The whole of Europe is pondering how to secure finances to face these issues and systemic measures will be needed to address the issue, stressed Zoran Stančič, the head of European Commission Representation in Slovenia, which organised the conference together with IMAD.
Delakorda meanwhile noted that IMAD, the government macroeconomic think-tank, had drafted a wide range of measures, but employers as well as employees would have to start thinking differently too.
Measures related to the labour market and social care alone will not be enough, he said and added that measures to ensure long-term potential of the economy and increased prosperity would also have to be carried.
European Commission's long-term projections indicate that in Slovenia the expenditure for pensions, healthcare and long-term care could rise by 2060 to a quarter of the country's GDP unless policies in the fields change. The share stood at 18.9% of GDP in 2013. Pensions alone cost the state about EUR 1.4bn a year, IMAD boss Boštjan Vasle explained.

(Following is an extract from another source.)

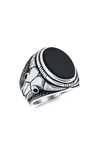 Bling Jewelry Sterling Silver Semiprecious Stone Skull Signet Ring In Black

The Institute for Economic Research, the Slovenian partner of the Swiss institute IMD, meanwhile said that Slovenian people should be better informed of how the pension system worked.
A system of "constantly providing information to the public" should be set up, explained Boris Majcen of the institute, as these issues concern everybody.
Foreign experts meanwhile presented some ideas that had been implemented or were deliberated in their countries. German Finance Ministry's Werner Ebert said that measures such as linking pensions to life expectancy were debated in his country.
This was echoed by Anda Patarau of the European Commission's Directorate General for Economic and Financial Affairs, who said systems for linking pensions to life expectancy had proven very efficient in EU members that had implemented them.
"It is desirable to think along these guidelines in planing pension reforms," she added.